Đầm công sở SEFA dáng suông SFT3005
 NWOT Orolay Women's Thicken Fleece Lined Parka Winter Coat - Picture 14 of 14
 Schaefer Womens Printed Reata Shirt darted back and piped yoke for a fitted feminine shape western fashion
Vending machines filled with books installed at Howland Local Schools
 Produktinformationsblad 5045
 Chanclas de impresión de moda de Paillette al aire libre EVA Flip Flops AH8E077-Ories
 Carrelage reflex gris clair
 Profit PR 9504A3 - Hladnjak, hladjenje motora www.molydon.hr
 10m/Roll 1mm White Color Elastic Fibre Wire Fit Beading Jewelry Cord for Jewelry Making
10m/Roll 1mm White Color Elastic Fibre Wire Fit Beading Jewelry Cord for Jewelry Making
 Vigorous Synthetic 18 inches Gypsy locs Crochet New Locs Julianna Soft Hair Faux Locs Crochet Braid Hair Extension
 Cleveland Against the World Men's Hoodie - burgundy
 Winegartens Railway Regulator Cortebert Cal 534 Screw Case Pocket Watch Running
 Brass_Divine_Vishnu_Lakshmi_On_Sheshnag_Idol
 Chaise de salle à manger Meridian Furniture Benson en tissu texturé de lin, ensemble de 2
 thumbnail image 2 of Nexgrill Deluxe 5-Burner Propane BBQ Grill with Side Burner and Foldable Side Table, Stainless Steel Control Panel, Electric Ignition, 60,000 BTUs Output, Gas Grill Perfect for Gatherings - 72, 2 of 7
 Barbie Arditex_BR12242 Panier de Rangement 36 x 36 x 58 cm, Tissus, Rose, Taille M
◇ ◇ ◇ ◇ ◇ ◇ ◇
--- What is being asked ---
Looking at the records above, say how many of their lines include the word "Beading", with no other words.

--- Reply ---
2